Proposed Changes and Next Steps

After conducting our test and (once again!) synthesising our results with affinity diagramming, it was apparent that we have to delay the presentation of the most popular reporting reasons and also modify the report button to better stand out.

In order to maintain the honesty and authenticity of each report, we do not want users to see the most popular reporting reasons before reporting. However, we recognize (and have validated) that seeing these rankings — for example, in the form of “Your report matched 70% of other reports for this video” — validates users and reduces the monolithic stature of YouTube. Therefore, we plan to not remove, but instead delay the presentation of top reporting reasons to be displayed in the screen that pops up after they submit.
From user testing, we found that the current design of the ‘report’ button was far too ambiguous, especially since it cautions users from a video. By creating more urgency in the design of our extension (more distinct placement for the report button), we may encourage users to similarly reflect this urgency in their own actions. This may include creating a button that is more visually distinct from the other statistics and options that typically accompany a YouTube video.

Furthermore, we have to consider the in vivo interactions with the prototype.

However, we know our prototype generates and takes advantage of recency bias. Since we’ve showed them a prototype about reporting, it may skew the results such that the testers will mention reporting as a solution more often due to just being showed that.
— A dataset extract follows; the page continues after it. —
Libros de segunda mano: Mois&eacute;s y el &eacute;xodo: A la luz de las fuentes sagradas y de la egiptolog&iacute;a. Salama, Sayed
As a group, we have to figure out how we can get the same results that we achieved without explicitly testing on reporting. To get users to report more often, we will require a change of mentality from them, which thus begs the question, “how can we can educate users more such that they will be able to report more often in normal circumstances?”

Project Review

We compiled all of the work, experimentation, and insights gathered into a cohesive story.
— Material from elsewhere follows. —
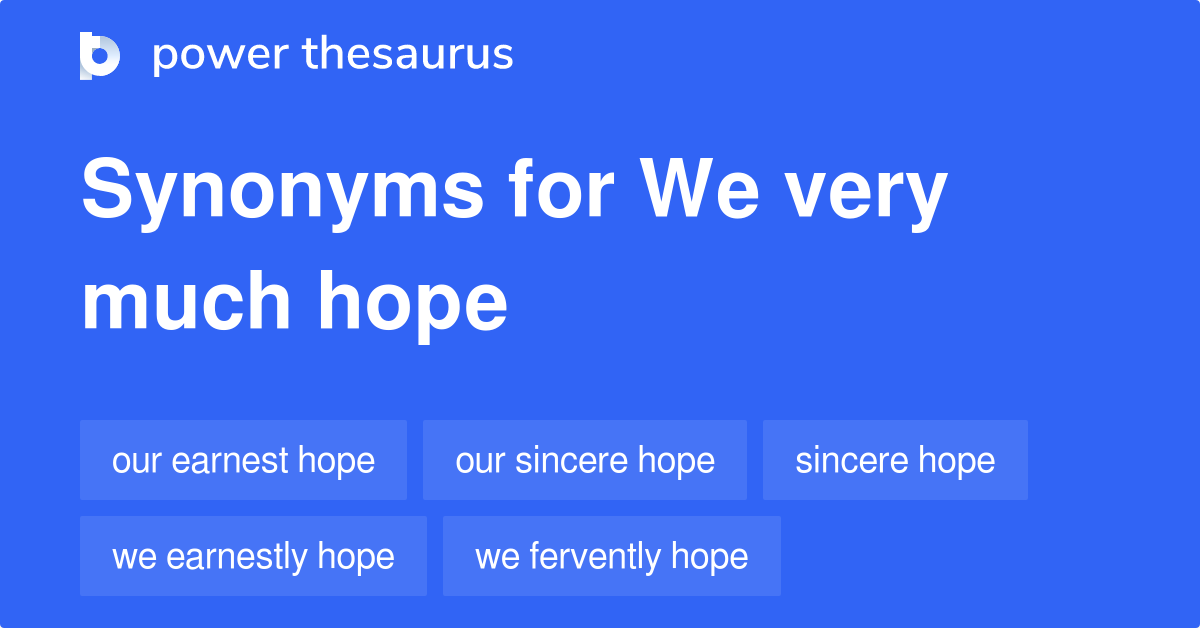 we-very-much-hope-synonyms-47-words-and-phrases-for-we-very-much-hope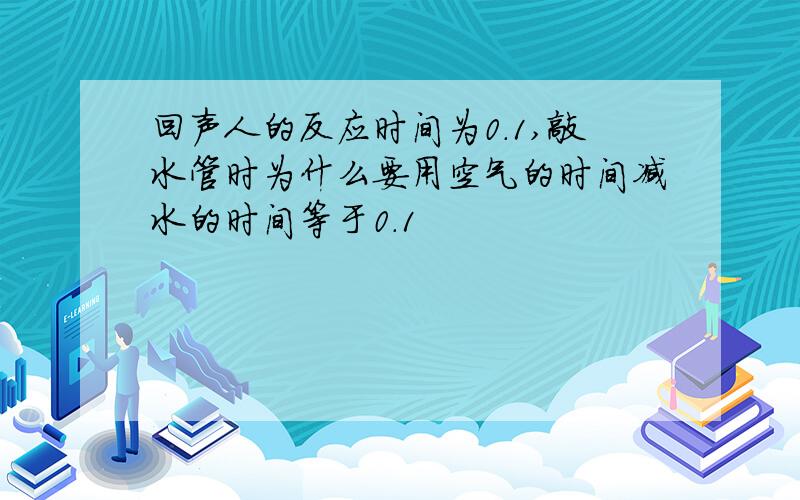 回声人的反应时间为0.1,敲水管时为什么要用空气的时间减水的时间等于0.1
We investigated how to motivate users to be more critical of their interactions with algorithmic systems so that any instances of harmful behaviors are more identifiable and likely to be acted upon. We chose YouTube as our platform for analysis.

To explore this, we conducted data analysis, think-aloud testing, walking the wall, contextual inquiries, speed dating, affinity diagramming, surveys, and prototype design and testing.
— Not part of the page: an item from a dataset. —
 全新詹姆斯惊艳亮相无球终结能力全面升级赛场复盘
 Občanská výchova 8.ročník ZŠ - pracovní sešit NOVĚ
We learned that users heavily prioritize their viewing experience. Users are also generally cynical and distrustful of platforms and algorithmic systems. And, when given more transparency with their platform, users perceive a sense of control. Last but not least, users feel more empowered when an interface allows them to visualise the impact of their actions, especially when they positively impact a community.

Therefore, our prototype is a third-party extension that tracks users’ reports and broadcasts these reports to other users. We anticipate users will be seeking access to more information about video reports through our extension. By increasing the transparency surrounding reported videos, we anticipate users to be more aware of their interactions with algorithmic systems.